WHAT NEEDS TO BE DONE: Take the line that contains "Plus Oversized Powerpuff" and each line after it to the end of the material below, and return them exactly, minus the pictures.

RECORDS TO USE:
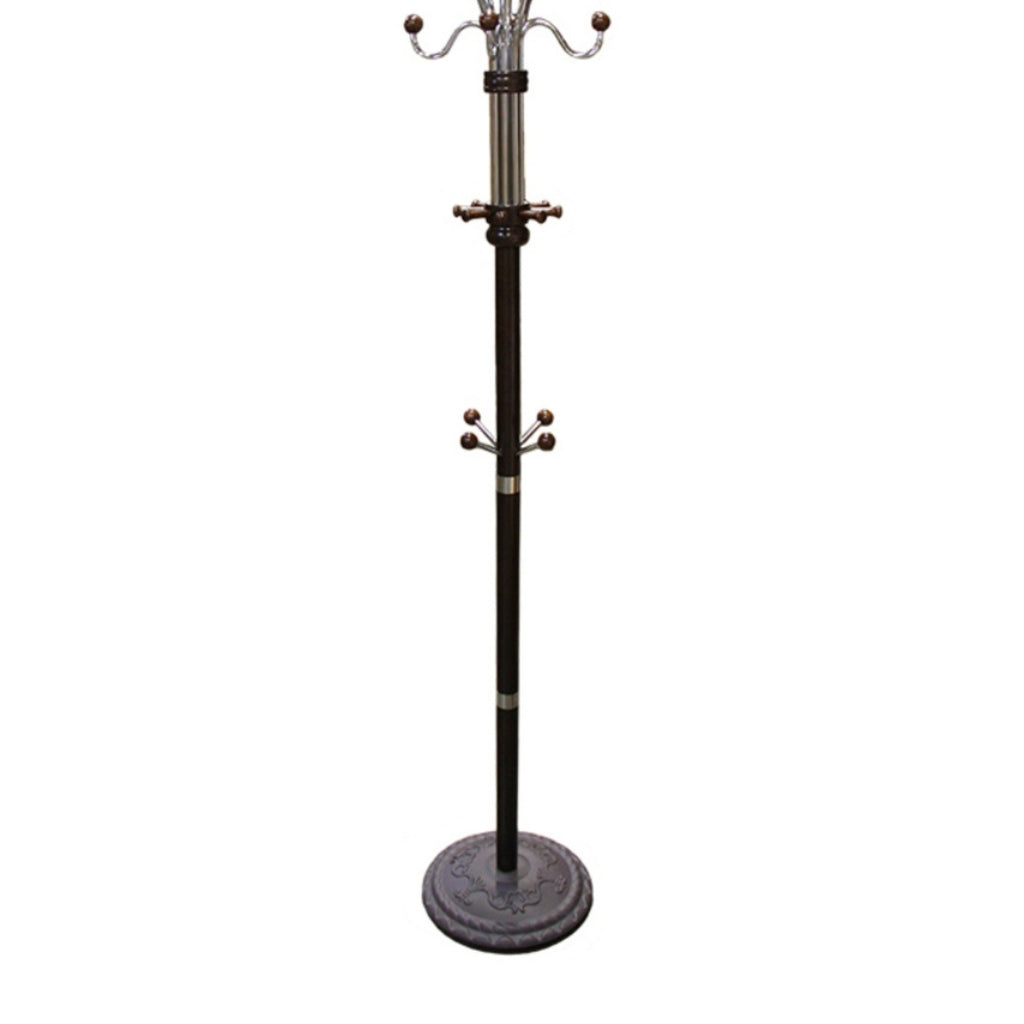 73" Tall Chrome and Wood Coat Rack, Espresso finish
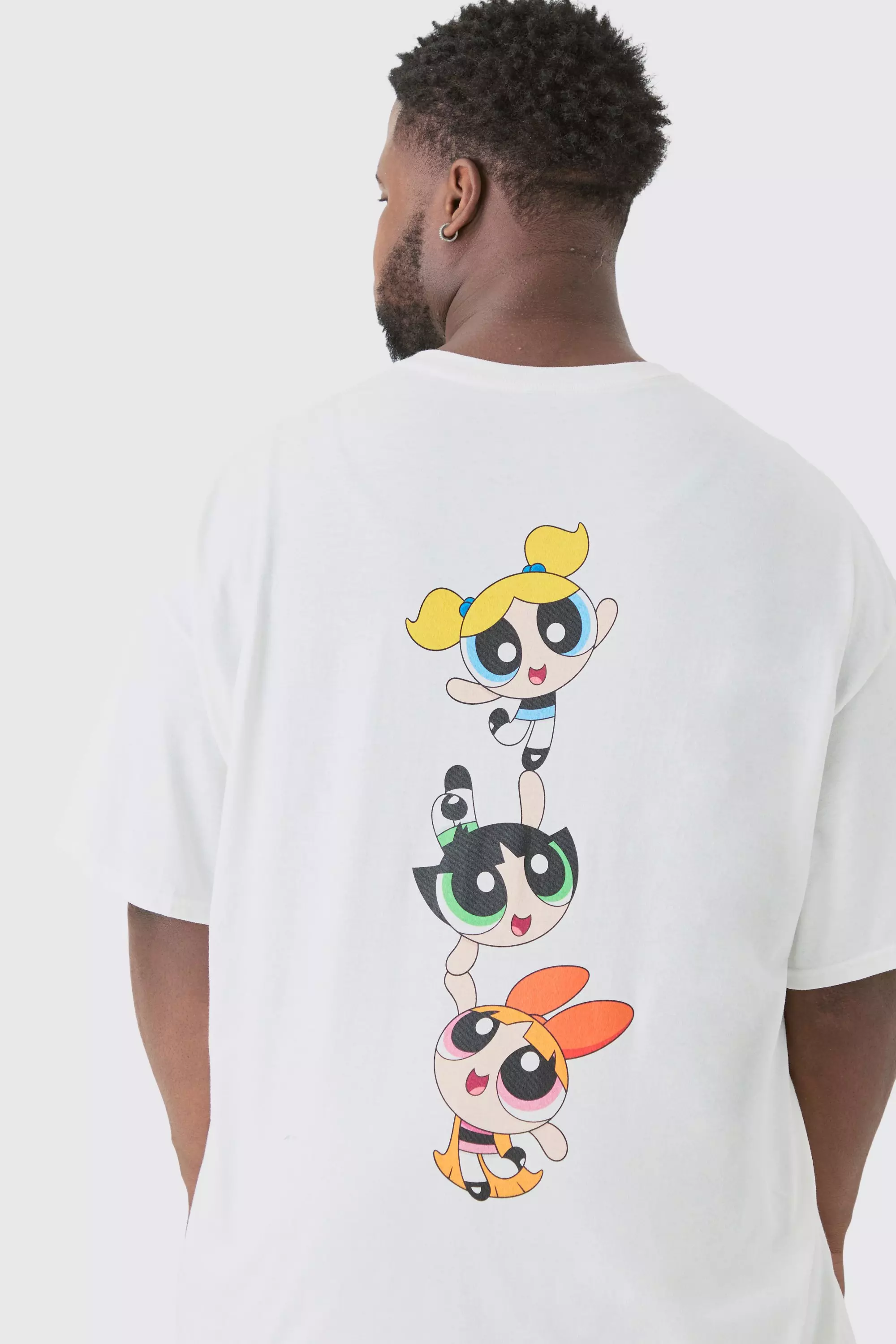 Plus Oversized Powerpuff Girls License T-shirt White White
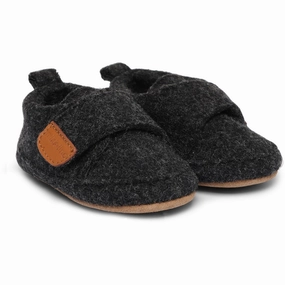 Mikk-Line Anthracite Melange Prewalker Wool Wool Slippers Kids clearance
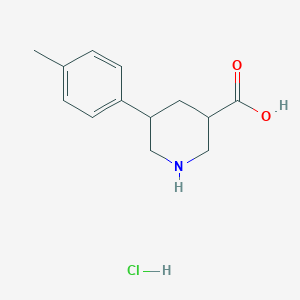 molecular formula C13H18ClNO2 B2676223 5-(4-Methylphenyl)piperidine-3-carboxylic acid;hydrochloride CAS No. 2344680-08-4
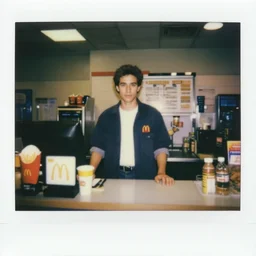 solid snake ( david hayter ) working the front counter of mcdonald's ready to take your order, eighties polaroid, flash photography, photorealistic, kodachrome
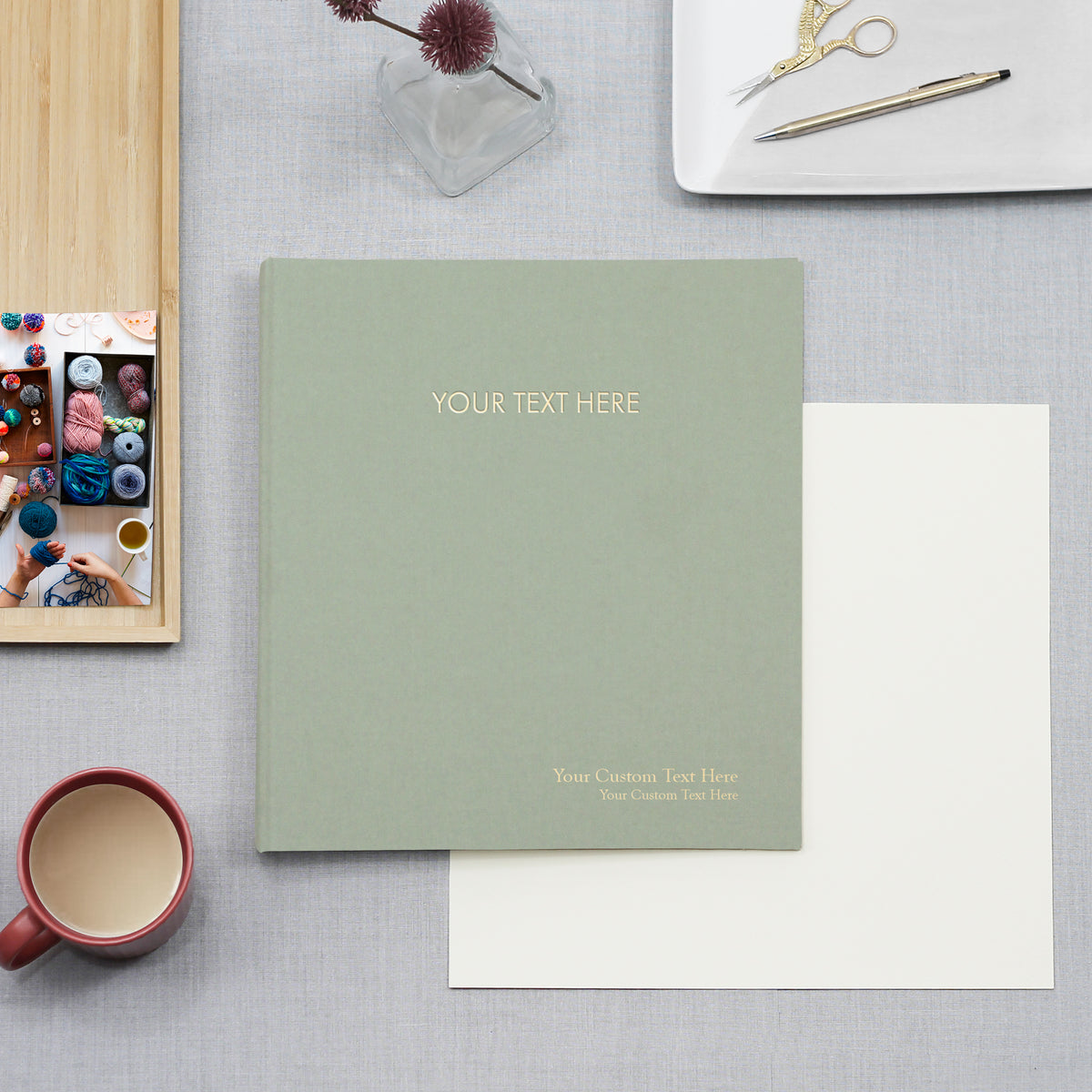 Custom Binder | Sage Green Cotton Cover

ANSWER SPACE:
 Plus Oversized Powerpuff Girls License T-shirt White White
 Mikk-Line Anthracite Melange Prewalker Wool Wool Slippers Kids clearance
 molecular formula C13H18ClNO2 B2676223 5-(4-Methylphenyl)piperidine-3-carboxylic acid;hydrochloride CAS No. 2344680-08-4
 solid snake ( david hayter ) working the front counter of mcdonald's ready to take your order, eighties polaroid, flash photography, photorealistic, kodachrome
 Custom Binder | Sage Green Cotton Cover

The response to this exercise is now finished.